• [THE PROBLEM]: The lines to be copied are those below that contain "Cherry".

[Web page caption snippets]
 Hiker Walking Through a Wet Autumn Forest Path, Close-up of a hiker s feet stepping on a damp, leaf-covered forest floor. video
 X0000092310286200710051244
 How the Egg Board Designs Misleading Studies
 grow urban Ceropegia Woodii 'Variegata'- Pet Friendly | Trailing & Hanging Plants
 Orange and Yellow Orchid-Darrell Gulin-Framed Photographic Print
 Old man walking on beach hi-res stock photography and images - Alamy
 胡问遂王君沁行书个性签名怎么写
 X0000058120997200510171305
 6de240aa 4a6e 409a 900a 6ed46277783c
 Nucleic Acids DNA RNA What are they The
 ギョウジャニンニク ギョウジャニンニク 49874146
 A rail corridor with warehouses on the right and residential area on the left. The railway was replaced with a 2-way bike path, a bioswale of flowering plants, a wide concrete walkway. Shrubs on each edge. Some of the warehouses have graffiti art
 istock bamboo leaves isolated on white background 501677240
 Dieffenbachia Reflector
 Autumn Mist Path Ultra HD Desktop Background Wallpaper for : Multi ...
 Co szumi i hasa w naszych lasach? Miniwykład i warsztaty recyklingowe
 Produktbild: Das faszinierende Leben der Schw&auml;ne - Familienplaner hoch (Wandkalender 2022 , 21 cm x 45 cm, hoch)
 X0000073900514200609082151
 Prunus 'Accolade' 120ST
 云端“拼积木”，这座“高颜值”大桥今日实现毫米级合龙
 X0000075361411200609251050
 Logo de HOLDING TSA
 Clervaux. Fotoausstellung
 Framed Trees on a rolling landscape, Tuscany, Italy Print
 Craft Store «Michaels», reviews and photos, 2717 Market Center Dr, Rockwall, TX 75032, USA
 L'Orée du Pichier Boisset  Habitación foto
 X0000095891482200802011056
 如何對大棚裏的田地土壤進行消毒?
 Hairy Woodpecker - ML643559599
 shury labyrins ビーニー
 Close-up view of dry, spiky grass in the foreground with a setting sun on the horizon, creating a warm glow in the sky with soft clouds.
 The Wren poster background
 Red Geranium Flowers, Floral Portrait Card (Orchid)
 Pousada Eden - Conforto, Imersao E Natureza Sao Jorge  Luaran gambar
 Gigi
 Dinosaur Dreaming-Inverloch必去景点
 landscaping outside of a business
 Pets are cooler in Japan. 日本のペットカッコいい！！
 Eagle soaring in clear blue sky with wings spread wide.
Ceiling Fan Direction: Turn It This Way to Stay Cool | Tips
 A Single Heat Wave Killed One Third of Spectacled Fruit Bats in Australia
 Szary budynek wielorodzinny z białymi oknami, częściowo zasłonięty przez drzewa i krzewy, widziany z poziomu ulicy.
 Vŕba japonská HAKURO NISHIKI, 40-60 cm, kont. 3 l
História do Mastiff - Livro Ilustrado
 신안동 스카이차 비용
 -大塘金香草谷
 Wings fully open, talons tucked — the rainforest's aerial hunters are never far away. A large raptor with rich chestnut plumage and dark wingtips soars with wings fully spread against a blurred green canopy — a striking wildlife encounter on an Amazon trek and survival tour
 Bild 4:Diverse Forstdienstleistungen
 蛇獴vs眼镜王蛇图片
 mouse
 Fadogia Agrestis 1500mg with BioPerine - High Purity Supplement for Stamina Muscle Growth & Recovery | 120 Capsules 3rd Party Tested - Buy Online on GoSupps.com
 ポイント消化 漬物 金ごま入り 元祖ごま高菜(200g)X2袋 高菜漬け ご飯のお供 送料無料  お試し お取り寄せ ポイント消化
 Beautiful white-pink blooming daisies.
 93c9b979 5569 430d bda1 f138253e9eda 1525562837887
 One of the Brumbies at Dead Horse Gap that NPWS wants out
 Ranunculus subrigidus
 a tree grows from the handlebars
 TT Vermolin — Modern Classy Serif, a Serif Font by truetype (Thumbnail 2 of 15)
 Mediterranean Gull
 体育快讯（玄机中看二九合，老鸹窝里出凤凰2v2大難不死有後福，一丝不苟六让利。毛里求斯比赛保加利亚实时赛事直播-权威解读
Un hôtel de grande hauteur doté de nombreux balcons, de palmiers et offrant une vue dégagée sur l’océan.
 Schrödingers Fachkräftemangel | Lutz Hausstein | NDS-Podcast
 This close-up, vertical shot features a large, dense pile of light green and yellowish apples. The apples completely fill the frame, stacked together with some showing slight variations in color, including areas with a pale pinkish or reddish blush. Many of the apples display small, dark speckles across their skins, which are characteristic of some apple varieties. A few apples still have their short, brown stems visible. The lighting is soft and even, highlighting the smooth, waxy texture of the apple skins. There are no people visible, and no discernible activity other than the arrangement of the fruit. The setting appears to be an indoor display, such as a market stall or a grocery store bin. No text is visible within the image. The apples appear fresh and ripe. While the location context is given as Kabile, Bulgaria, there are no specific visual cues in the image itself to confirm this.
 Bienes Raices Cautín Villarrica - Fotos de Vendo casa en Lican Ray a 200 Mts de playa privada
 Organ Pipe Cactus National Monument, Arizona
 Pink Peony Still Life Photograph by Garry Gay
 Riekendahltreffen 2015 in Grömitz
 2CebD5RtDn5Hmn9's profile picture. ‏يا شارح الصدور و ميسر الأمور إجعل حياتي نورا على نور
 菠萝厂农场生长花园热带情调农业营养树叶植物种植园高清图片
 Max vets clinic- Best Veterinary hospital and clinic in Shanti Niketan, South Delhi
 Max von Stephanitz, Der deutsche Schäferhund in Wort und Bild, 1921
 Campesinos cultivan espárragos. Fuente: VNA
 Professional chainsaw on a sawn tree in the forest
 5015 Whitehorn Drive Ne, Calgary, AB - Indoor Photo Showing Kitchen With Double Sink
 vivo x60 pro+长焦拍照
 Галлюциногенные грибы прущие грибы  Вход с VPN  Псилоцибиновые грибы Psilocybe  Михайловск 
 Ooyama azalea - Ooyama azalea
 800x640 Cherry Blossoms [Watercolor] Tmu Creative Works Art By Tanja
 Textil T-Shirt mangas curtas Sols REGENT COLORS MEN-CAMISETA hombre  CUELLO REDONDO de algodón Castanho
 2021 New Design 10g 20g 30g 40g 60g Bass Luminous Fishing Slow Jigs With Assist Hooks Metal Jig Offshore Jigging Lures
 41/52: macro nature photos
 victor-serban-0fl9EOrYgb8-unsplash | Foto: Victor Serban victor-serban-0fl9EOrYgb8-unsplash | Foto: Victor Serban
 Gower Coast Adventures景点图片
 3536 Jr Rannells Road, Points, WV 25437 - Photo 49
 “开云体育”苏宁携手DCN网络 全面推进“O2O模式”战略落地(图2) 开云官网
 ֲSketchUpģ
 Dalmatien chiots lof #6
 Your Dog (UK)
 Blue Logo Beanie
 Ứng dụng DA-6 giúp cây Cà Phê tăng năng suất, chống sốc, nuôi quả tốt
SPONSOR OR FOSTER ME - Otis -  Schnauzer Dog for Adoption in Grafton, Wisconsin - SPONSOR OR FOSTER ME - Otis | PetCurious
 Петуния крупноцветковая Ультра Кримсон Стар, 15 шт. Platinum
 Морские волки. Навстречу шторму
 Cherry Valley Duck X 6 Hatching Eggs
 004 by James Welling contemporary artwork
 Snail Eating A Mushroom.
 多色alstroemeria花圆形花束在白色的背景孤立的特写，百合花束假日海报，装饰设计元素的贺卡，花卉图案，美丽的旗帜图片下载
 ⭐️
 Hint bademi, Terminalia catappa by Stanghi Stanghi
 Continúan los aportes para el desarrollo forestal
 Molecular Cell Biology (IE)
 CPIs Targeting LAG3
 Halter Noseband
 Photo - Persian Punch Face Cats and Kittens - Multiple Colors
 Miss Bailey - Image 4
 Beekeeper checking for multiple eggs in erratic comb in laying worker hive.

• [EXERCISE RESULT]:
 800x640 Cherry Blossoms [Watercolor] Tmu Creative Works Art By Tanja
 Cherry Valley Duck X 6 Hatching Eggs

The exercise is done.